Task instructions >>
Each entry must be duplicated precisely, with nothing left out.
[Start of section]
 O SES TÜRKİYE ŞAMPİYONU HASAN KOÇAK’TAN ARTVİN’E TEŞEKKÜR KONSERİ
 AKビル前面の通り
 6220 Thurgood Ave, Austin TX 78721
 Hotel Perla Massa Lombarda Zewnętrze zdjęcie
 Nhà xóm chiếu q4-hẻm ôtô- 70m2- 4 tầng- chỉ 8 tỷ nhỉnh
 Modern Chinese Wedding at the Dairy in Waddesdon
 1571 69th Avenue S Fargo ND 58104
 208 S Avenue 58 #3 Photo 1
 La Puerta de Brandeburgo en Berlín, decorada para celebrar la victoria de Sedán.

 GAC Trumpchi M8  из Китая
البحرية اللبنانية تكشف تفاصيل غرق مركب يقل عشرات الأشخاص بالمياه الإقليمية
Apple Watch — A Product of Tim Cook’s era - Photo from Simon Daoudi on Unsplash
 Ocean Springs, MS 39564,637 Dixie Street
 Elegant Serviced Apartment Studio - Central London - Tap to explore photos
[End of section]
Answer space >>
 O SES TÜRKİYE ŞAMPİYONU HASAN KOÇAK’TAN ARTVİN’E TEŞEKKÜR KONSERİ
 AKビル前面の通り
 6220 Thurgood Ave, Austin TX 78721
 Hotel Perla Massa Lombarda Zewnętrze zdjęcie
 Nhà xóm chiếu q4-hẻm ôtô- 70m2- 4 tầng- chỉ 8 tỷ nhỉnh
 Modern Chinese Wedding at the Dairy in Waddesdon
 1571 69th Avenue S Fargo ND 58104
 208 S Avenue 58 #3 Photo 1
 La Puerta de Brandeburgo en Berlín, decorada para celebrar la victoria de Sedán.

 GAC Trumpchi M8  из Китая
البحرية اللبنانية تكشف تفاصيل غرق مركب يقل عشرات الأشخاص بالمياه الإقليمية
Apple Watch — A Product of Tim Cook’s era - Photo from Simon Daoudi on Unsplash
 Ocean Springs, MS 39564,637 Dixie Street
 Elegant Serviced Apartment Studio - Central London - Tap to explore photos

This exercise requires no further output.